Щелкнул выключатель. Заскрипели пружины в сетке узкой кровати. Пузырева укладывалась. Через минуту вновь послышался ее низкий недовольный голос:
— Ты пойми меня правильно. У нас такие огромные задачи, что всякую блажь надо с корнем вырывать. Да разве вас, молодых, легко убедить!
— В том, что любви не существует? — рассердившись, спросила Надя, ударив кулаком по подушке. — Совсем недавно я тоже так думала, но это по глупости, ребенком была. Друзья страдали, а я смеялась над ними, издевалась… Стыдно вспомнить. Ужасно! Но теперь я полюбила, узнала. Я не боюсь вам говорить об этом, пусть все знают… У меня крылья выросли, я счастлива… И никто не посмеет этого счастья отнять… А вы!.. А вы!.. — Надю душили слезы, она уткнулась в подушку, и плечи ее вздрагивали от обиды и негодования. — А вы словно сговорились отнять у меня веру в то, чему всегда поклонялись люди…
— Поклонялись? — как сквозь сон услышала Надя. — Мы все-таки материалисты, деточка.
Надя долго не могла уснуть. Она поглядывала на соседнюю кровать, где высилась темная бесформенная гора. Возникало что-то вроде запоздалого раскаяния: «Зря обидела немолодую женщину, она ведь тоже не виновата, — наверное, характер такой».
Но тут же поднималась горячая волна возмущения, гнева и обиды за всех любящих и любимых, и Надя уже не чувствовала себя виноватой.

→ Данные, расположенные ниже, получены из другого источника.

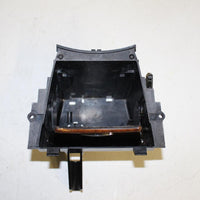 2003-06 Mercedes-Benz E55  Console Compartment Box Container A 211 680 03 50 Oem - BIGGSMOTORING.COM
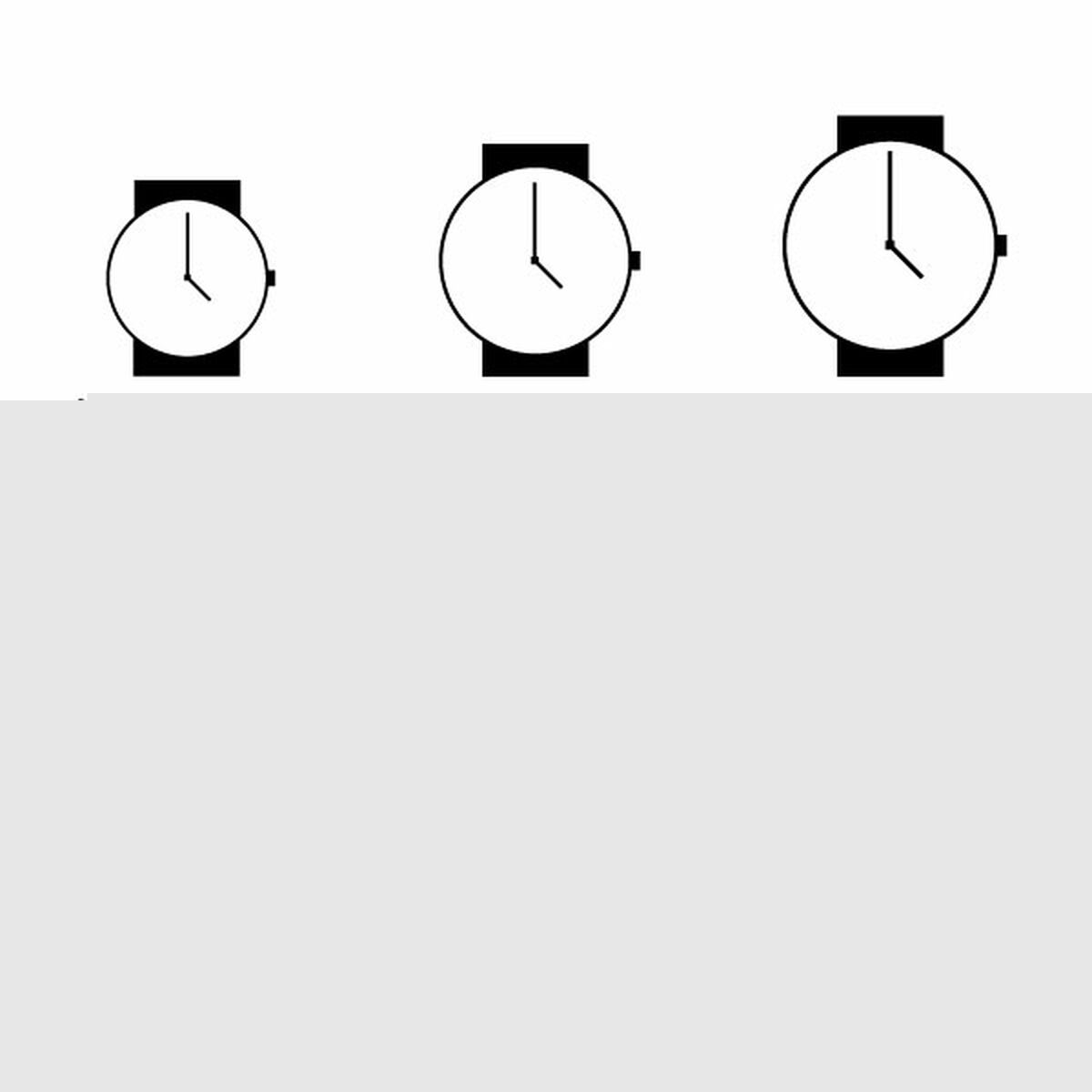 V6H602724701C5D040A9998F524258549FDR4485188P2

Глава 13. СОЮЗНИКИ С НЕНАВИСТНЫМИ АВТОРУ ХАРАКТЕРАМИ РАЗВИВАЮТ УСПЕХ
Пузырева всячески старалась избежать командировки на строительство. Борьба интересов Васильева и Литовцева ставила ее в трудное положение. Она обязана была поддерживать предложение Даркова и помочь его реализации, так как работала непосредственно с ним.
Конечно, Пузырева сделает все от нее зависящее, чтобы найти причину неудачи. Правда, делать это надо осторожно, — зачем наживать себе лишних врагов, тем более таких, как Валентин Игнатьевич? Ну, а в случае успеха у нее всегда найдутся защитники.
— Удивляюсь, — говорила она Литовцеву. — Как можно так непредусмотрительно настаивать на испытаниях? Я предупреждала Даркова. Ведь если сейчас ничего не получится, то судьба изобретения решена. В план эту работу не поставят, ассигнований не будет. На том дело и закончится…
— Откуда такой пессимизм, Елизавета Викторовна? — благодушно успокаивал ее Литовцев. — Кому-кому, а мне знакома ваша настойчивость. Добьетесь. Не сейчас, так позже. Не знаю, как дирекция, но я обязательно включу в план эту работу, — решил он показать свою объективность.
Привычная к лабораторному столу Пузырева сумела за два дня провести нужные ей анализы и однажды поделилась своими сомнениями с Литовцевым:
— Впервые в жизни встречаюсь с таким непонятным явлением. Беру пробу из вибромельницы — величина частиц одна, в растворе — та же самая. А на стенках формы частицы другие, абсолютно измельченные, как будто бы ультразвуком. Я еще не проверяла, но мне кажется, что такой тонкий помол, столь высокая дисперсность здесь играют отрицательную роль.